PoeticHouse - Il Portale dei Poeti e della Poesia
Pubblicata il 06/05/2002
Bolscevico, sei sceso sui pirici asfalti
Preso da chissà che smanie ormonali
Lasciate le aule i catafalchi e i corridoi
I piedi per strada e i capelli dati al vento
Di timido aprile, fuori!, al sole bianco
E giù, nel gran fiume pulsante di posse
Ganghe d'ateneo, fauna da liceo, tutti
Diluiti nella parata grottesca d'un corteo!
Oh, lo spettacolo - le facce, le kefiah
I rasta inveterati, all'aria tersa solvente
Fra svolazzi boemi di fogli e foulards
Le testate bolsceviche - oh, Molotov!
Ed entra, e permea il pavé e le colonne
Ancora una volta la rivoluzione buona
E di nuovo fluisce la ganja tra i portici
Garrula e sfrenata come un fiume in corsa!
Sì, cappello in tasca e pantaloni da pagliaccio
Per sentirsi tutti alla Comune di Parigi!
La sagra del comunismo aperta a gote sedicenni!
E balli, sfacciato - hai la folla negli occhi
E nei ginocchi rimbalzano ritmi tribali
Orgiastici, marxisti e giamaicani - che bello
Assetati seguire la scia del dettato pogante
Di un carrozzone barcollando per i vicoli
Oh, quant'è orfica questa festa!
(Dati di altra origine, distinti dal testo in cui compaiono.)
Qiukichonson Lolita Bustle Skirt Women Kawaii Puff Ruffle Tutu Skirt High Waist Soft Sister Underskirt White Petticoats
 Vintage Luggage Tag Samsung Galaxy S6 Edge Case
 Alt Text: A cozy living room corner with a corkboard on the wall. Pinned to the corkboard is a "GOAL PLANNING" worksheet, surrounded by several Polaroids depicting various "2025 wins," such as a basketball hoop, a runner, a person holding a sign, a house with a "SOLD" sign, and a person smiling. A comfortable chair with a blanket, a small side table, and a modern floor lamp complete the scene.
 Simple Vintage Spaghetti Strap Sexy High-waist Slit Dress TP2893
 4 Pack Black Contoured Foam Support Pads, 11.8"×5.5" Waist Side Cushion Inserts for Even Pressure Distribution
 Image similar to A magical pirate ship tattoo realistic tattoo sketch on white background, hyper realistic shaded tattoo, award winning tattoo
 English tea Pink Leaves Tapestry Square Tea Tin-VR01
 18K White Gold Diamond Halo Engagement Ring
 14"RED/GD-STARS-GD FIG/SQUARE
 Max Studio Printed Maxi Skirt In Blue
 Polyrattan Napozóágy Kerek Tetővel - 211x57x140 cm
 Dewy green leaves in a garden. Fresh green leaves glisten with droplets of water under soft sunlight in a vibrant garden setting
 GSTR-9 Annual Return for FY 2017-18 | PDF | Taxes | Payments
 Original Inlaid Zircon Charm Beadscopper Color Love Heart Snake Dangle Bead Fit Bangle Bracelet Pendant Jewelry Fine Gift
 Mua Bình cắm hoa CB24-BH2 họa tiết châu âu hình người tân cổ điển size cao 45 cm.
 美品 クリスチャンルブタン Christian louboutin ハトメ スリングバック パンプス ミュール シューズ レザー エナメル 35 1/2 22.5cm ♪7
Questa canzone
Che ti spara alla bocca sorridenti cannoni!
E i plotoni, le gualdrappe dei popoli oppressi
E i compagni di Modena, e i compagni di Ferrara
Dentro ogni angolo del grembo delle Americhe!
Aste e microfoni - imbandiremo il giorno, sì
Alla rincorsa, la destabilizzazione del sistema
Ci prende la mano - e la congiunge, allegra
E trionfale come il Caso, a quella bolscevica
Compagna di lotta. Uno sguardo - ma è lei
Giorno felice! Come sono orfici questi cortei!
Fanculo i sindacati! Il socialismo ti spalanca ponti
E manderete al diavolo, insieme, i catafalchi e i corridoi
Seduti sopra al Sole! Muratura mirabile, è genesi
Come dire? - del miracolo sociale, questa
E le ali che ha messo la città, solo per noi
E perché, muratura mirabile, sbatti in faccia
Alla nostra giovane militanza il fratello operaio
Che sprezzando i nostri fervori, alla finestra
Seminudo trionfalmente assiso, balla?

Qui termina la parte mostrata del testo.